Bundan 6 yıl önce Fukuşima'da dünyanın en büyük nükleer kazalarından biri oldu. 100 binden fazla insan evlerini terk etti; hâlâ geri dönemiyorlar. Toprak, hava ve suya radyasyon bulaştı. Japonya toprağa, evlerin sıvasına ve eşyalara bulaşan radyasyondan kurtulmak için 6 yıldır uğraşıyor. Radyasyonlu toprak veya eşyalar, her biri 1 tonluk torbalara dolduruluyor. Radyasyon seviyesi düşene kadar gruplar halinde belli bölgelerde bekletilecek bu torbaların sayısı bir yıl önce 11 milyona ulaşmıştı. Aşağıdaki resimde görebileceğiniz gibi yığınlar halinde belli bölgelere depolanıyorlar.
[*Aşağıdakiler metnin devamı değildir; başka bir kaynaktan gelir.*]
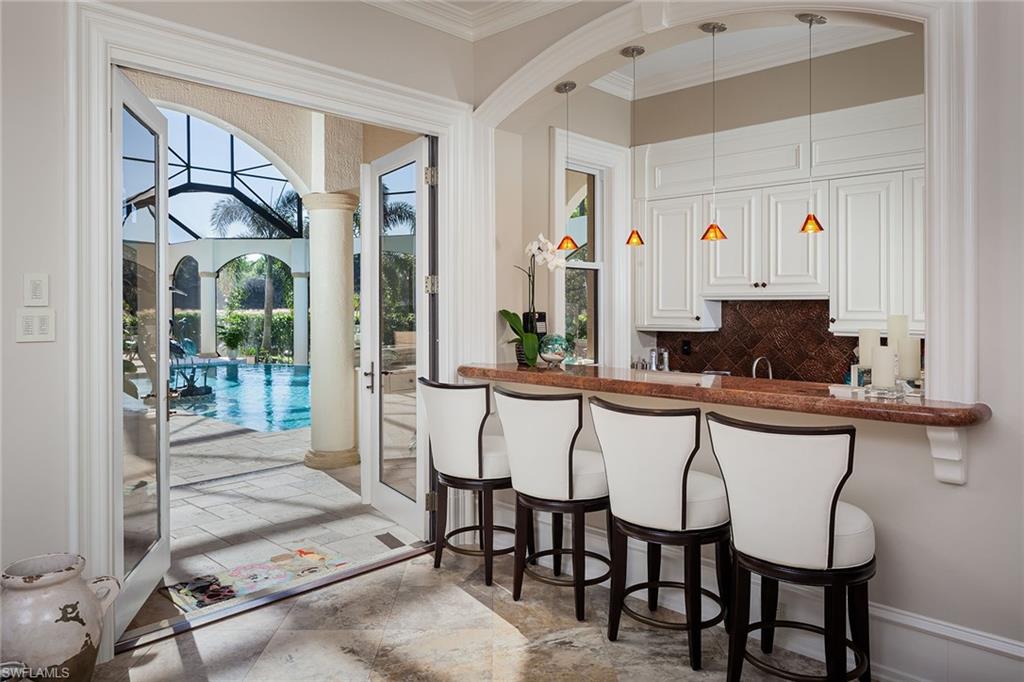 ESCADA AT TIBURON - Residential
Fukuşima’nın kontrolden çıkan nükleer reaktörlerine her gün 300 ton civarında su pompalanıyor. Radyoaktif suyun bir bölümü çevredeki her biri 1000 tonluk depolarda saklanırken, bir kısmı da okyanusa bırakılıyor.
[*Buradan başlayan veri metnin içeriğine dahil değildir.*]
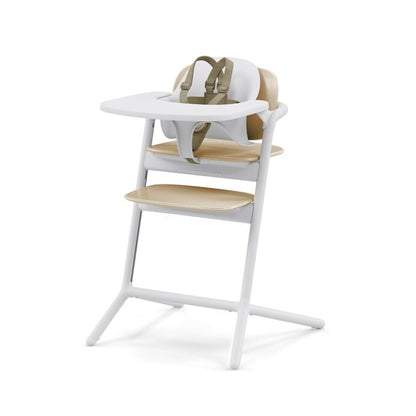 Lemo 4-in-1  - Sand White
Fukuşima öncesi Japonya’da 54 nükleer reaktör çalışıyordu. Şimdi ise sadece 3 tane. 12 tane reaktörün kapısına kilit vuruldu. Sadece bu reaktörlerin maliyeti 50-60 milyar dolar civarında; hepsi çöp oldu.
Nükleer kaza veya sızıntı başka hiçbir şeye benzemez. Tüpgazla falan kıyaslanamaz. Fukuşima'da 6 yıl sonra saatte 530 sievert radyasyon ölçüldü. Sadece 1 sievert kısırlığa yol açar, saçlarını döker, katarakta neden olur. 530 sievert radyasyona maruz kalmak anında ölmek demektir.
Kaza yapmayan nükleer santral bile tehlikelidir. Mersin'de kurulmak istenen nükleer santral yılda yaklaşık 100 ton yüksek seviye atık üretecek. İçinde 240 bin yıl radyoaktif kalan plütonyum-239 olacak. Bu atıklara dünyada bulunmuş bir çözüm yok. Yok edilemiyorlar. Kaza olmasa bile bu atıklar Akkuyu'da depolanacak ve binlerce yıl radyoaktif kalacak. Çocuklarımız, torunlarımız ve onların torunları bu belayla yaşamak zorunda mı? Elbette hayır! Türkiye'nin elektrik üretmek için onlarca seçeneği var. Rüzgarı var, güneşi var, tasarruf edebilecek potansiyeli var. Rusya'ya ve inşaat şirketlerine para kazandırmak için #nükleer santral yapmaya ihtiyacı yok. Gel, sen de bu işe hayır de. Toprağına, doğana ve geleceğine sahip çık.